Franco Nero as Django

As outsiders looking in, European directors didn’t feel obligated to sentimentalize U.S. history. Major Jackson, the main villain in Django, is a viciously racist ex-Confederate officer whose henchman cuts off an innocent man’s ear and forces him to eat it. Navajo Joe, also helmed by Corbucci (and a major influence on Django Unchained), follows the lone survivor of a Native American tribe who brutally picks off the white oppressors who slaughtered his people one by one.

A lot of the greatest genre movies throughout history have been foreign interpretations of classic Hollywood genres. Jean-Luc Godard and Jean-Pierre Melville offered a groovy Parisian alternative to traditional Bogart-style American noirs with their French New Wave crime thrillers like Breathless and Le Cercle Rouge.

Lee Van Cleef in Death Rides a Horse

Just as Godard and Melville helped to evolve the crime film beyond its roots, Leone and Corbucci opened up the western genre to grimmer takes on the lore. The brutal violence and uncompromisingly dark storytelling of spaghetti westerns offered a refreshing counterpoint to the standard Hollywood fare, which was quickly growing stale.

And thanks to Quentin Tarantino’s homage-driven filmmaking style, these genres have since come back to America. Reservoir Dogs was heavily inspired by Melville’s Le Doulos, Pulp Fiction is essentially a spaghetti western set in contemporary Los Angeles, and Django Unchained brings the blood-soaked revisionism of Corbucci’s movies to the time of American slavery (and even borrows the name of Corbucci’s most iconic character).

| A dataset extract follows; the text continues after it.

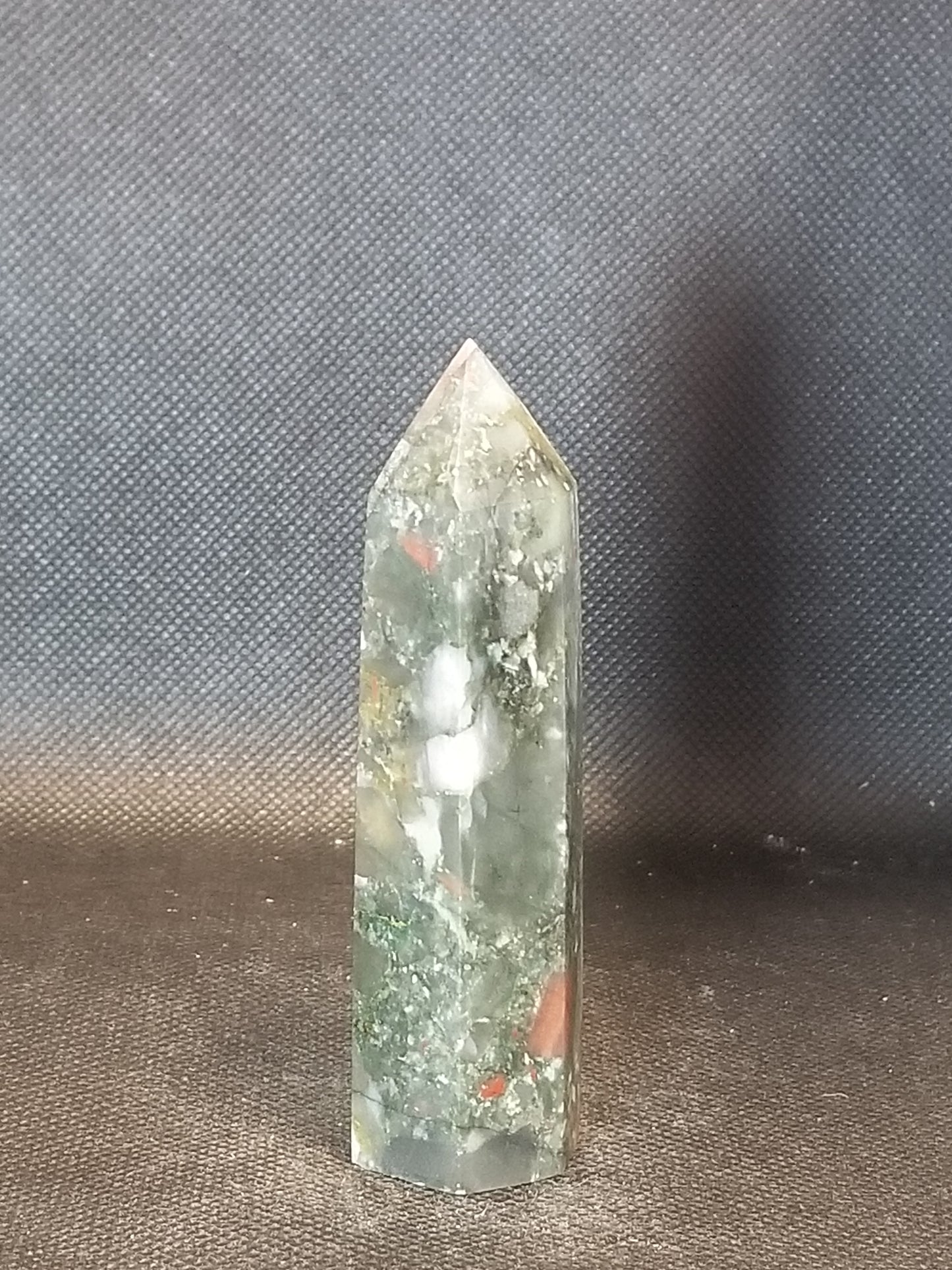 African Bloodstone Tower (A)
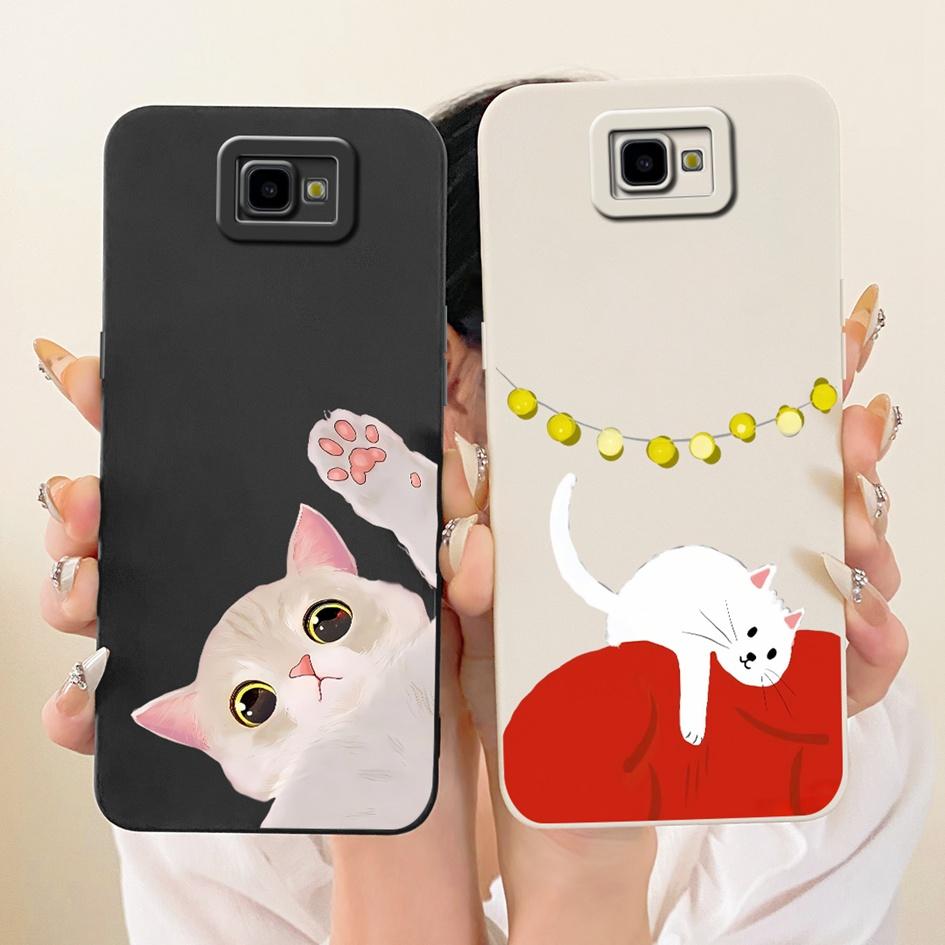 Case For Samsung Galaxy J4 Plus Core Cover SM-J415F SM-J410F Cute Cartoon Cat Shockproof Bumper on Samsung J4 2018 SM-J400F Capa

Jamie Foxx as Django in the snow in Django Unchained

The western genre’s mythmaking wouldn’t be truly deconstructed until Sam Peckinpah and Robert Altman pioneered the anti-western with revisionist gems like The Wild Bunch and McCabe & Mrs. Miller. The McCabe character in the latter movie is introduced as a notorious gunfighter, but the finale reveals him to be a deceitful coward lying about his reputation as he flees from the climactic duel with the bounty hunters sent to kill him and instead tries to sneak up behind them and shoot them all in the back. Mel Brooks also did his part to hammer the final nails into the western’s coffin by ridiculing its outdated tropes in Blazing Saddles.

The revisionist western reached its peak with 1992’s Unforgiven, Clint Eastwood’s final western that also would’ve been a fitting swansong for the whole genre. But the journey toward introducing darker, grittier, more historically accurate visions into the well-worn western genre began with spaghetti westerns.